Heartdive. He hadn’t heard; he continued on.
“Eh, please … before you leave … ” The man began to speak in excellent, accented Spanish.
He stopped for a moment, not knowing exactly why. It was contagious, you know. But God love the miserable bastard, all the same. Telling himself it was his good deed for the year, he turned around, managing a half smile. This had better be for real. The man hunched forward even more and the terror seemed to subside as he spoke.
“My suitcase …” his voice was weak and hoarse and he spaced out his words carefully, joltingly. ” … I can’t carry it any more …” He wheezed again. “It’s too heavy for me … ”
“No problem!” Joaquin braced himself, placed his portfolio against the doorway, and stepped back across the hall. He felt saintly, magnanimous. He’d tell this one to Marina later and freak her out. Despite his smile, he was pretty scared, alright. Shocked, even. He kept a certain distance too – just do it and go. He picked up the suitcase and carried it into the elevator.
Then he waited, holding the heavy door open for several minutes as the man filed past him, slowly. When he’d shuffled over on a level with Joaquin’s eyeline, he lifted his head without warning suddenly and caught him straight in the eyes. The confusing transmission was momentary, bolt-like: sweaty hospital beds, wires, tubes, nightmares, machines, drugs – prolonged and extreme struggle. Possibly what confused Joaquin most was a kind of edge, a frame that contained all of this, that was hard to define. An old-fashioned, biblical term whispered out from the back of his brain. It sounded something very like: courage.
He didn’t look at the face again, but it filled his head as the guy turned around once inside the elevator, hunched and still clutching the woollen coat over his chest.
“Thank You … ”
“Take care.”
“God Bless You”
The machinery screeched into motion as the elevator ascended, and the light went off in the hall. Joaquin stayed there in the darkness for a time, kicking his empty matchbox around the floor blindly. He finished his cigarette with unusual slowness before looking for the portfolio and heading out into the stifling day.
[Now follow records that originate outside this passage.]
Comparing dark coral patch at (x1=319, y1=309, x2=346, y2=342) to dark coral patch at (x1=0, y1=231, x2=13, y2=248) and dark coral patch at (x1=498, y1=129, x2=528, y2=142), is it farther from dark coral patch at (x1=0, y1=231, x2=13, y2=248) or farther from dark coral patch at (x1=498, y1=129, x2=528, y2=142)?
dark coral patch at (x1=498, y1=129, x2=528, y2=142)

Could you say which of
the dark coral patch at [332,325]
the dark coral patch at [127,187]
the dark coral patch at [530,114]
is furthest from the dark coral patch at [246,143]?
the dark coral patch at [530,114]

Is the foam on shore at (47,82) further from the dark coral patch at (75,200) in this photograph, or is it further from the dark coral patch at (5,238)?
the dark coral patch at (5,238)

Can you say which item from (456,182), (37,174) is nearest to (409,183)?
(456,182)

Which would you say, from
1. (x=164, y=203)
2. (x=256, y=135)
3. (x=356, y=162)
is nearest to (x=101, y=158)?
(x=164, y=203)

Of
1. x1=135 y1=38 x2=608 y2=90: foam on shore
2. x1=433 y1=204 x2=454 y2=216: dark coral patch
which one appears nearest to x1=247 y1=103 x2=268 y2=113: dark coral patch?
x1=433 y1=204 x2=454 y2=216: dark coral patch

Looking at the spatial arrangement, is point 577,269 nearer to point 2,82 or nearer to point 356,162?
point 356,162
He winced as he opened the door to the street, the light was blinding and the heat hit him like an oven blast.
He felt distinctly sick, his hand shook visibly as he ran it over his forehead, and his features had fallen into the old nervous frown he’d spent so many years trying to get rid of. A small perspiration stain was already forming down the back of the grey silk shirt. He began to run suddenly, butting through the hoard of screaming kids outside the door. Dealers accosted him from doorways:
“Smoke, Coke, Any high you want … ” Girls in large gold earrings pushed their prams in his path. He tore across Houston street, barely missing a truck at the lights, incurring the wrath of its driver who roared at him coarsely in Creole.
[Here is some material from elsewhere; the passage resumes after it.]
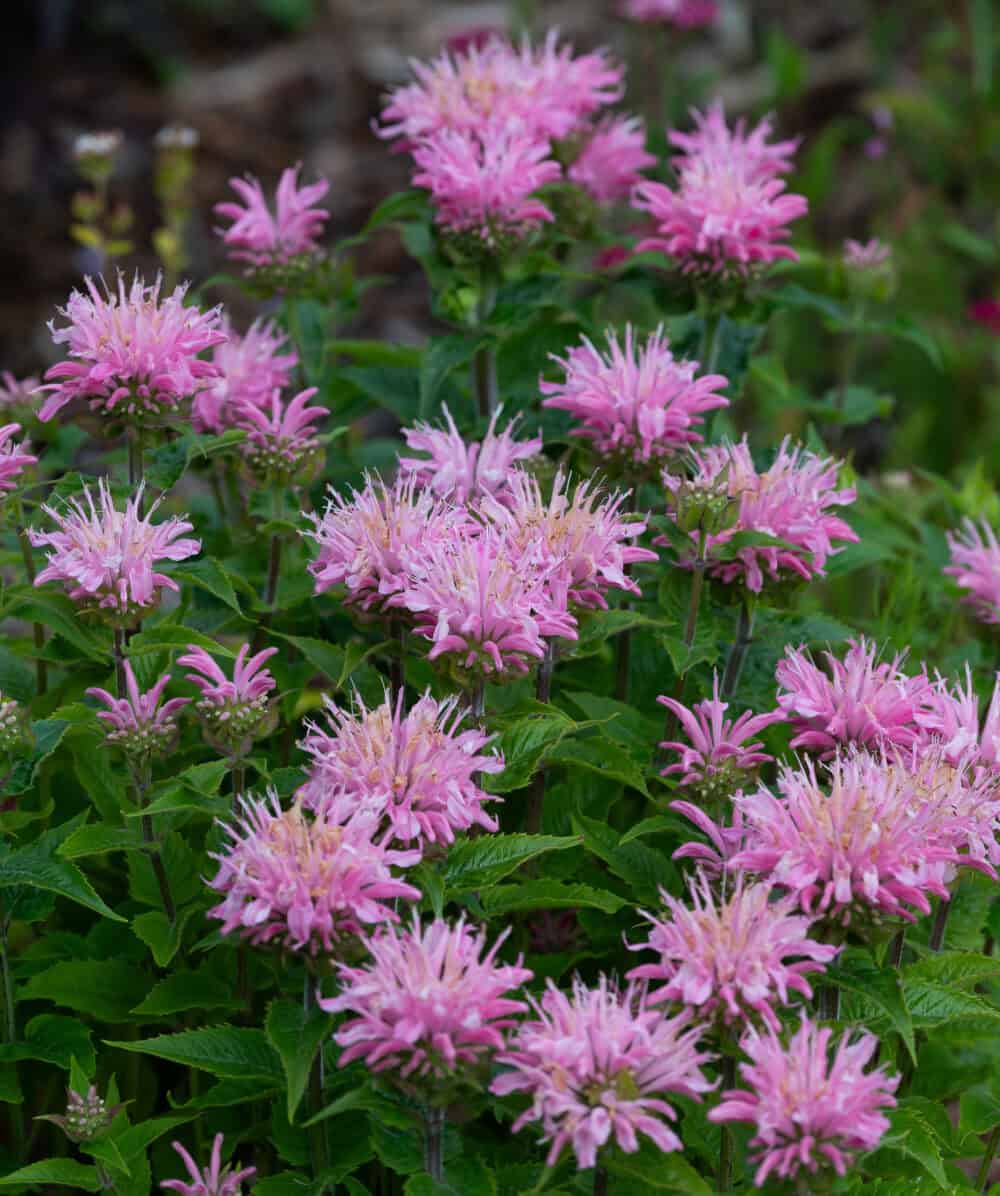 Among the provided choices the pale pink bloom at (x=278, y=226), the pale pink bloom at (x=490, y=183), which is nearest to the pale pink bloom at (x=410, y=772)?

A taxi – quick – the fastest possible conveyance to somewhere light-filled, clean and air-conditioned. He was going nuts, all the cabs seemed to be full. He tried hard to keep his mind on looking for one, on the encroaching interview. On what he would lie about to this snobby Señora. On Marina. On anything. Only the day was tainted with the terrible stink of raw truth, like nothing he knew. Like the freakiness when lights dim subtly in a power surge, like the stereo just died at his party.
Park Avenue’s flower-bordered luxury glided by outside, and by the time the cab passed Fifty-Seventh, Joaquin had almost managed to forget the face. Craig Overcash was still on the fucking radio, talking now to a young prostitute who was bearing her soul. Joaquin asked the driver to turn off the station, but he didn’t speak English. So he sat there wondering how much a hired gun from Detroit would cost to take care of Craig …
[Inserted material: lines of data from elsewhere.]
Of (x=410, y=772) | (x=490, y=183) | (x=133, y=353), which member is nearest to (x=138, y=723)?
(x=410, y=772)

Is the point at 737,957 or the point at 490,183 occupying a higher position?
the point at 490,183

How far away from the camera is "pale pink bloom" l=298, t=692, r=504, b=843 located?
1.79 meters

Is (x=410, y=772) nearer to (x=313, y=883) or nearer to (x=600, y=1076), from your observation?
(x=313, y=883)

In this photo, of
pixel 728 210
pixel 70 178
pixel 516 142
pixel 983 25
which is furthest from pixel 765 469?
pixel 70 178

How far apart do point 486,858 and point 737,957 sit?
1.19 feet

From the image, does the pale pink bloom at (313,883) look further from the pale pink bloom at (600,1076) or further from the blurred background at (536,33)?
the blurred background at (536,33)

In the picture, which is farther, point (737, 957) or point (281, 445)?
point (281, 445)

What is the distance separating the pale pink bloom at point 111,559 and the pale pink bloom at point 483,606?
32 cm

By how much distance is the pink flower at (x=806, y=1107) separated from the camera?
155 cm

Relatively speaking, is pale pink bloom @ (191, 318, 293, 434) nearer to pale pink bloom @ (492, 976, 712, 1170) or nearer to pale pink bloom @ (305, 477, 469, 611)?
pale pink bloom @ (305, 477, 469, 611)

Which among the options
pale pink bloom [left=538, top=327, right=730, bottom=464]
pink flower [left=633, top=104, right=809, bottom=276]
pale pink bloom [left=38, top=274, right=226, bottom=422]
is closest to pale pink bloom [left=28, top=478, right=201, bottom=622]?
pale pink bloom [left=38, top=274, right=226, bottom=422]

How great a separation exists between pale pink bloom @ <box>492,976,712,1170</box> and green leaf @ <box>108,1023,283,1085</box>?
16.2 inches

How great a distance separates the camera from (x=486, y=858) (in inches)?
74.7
“Yo! Carla honey, it sure is a jungle out there babe, and we thank you for sharing that with us … After the commercial break, coming up we have the latest on Madonna … ”
Music blared over the voice track, and as Joaquin spotted his destination coming up on the right he ordered the cab into the curb and took out his wallet. Sweet Mother of the divine Jesus, the one thing he just couldn’t clear out of his head was that suitcase. A plain old damn cardboard suitcase. It had been completely empty.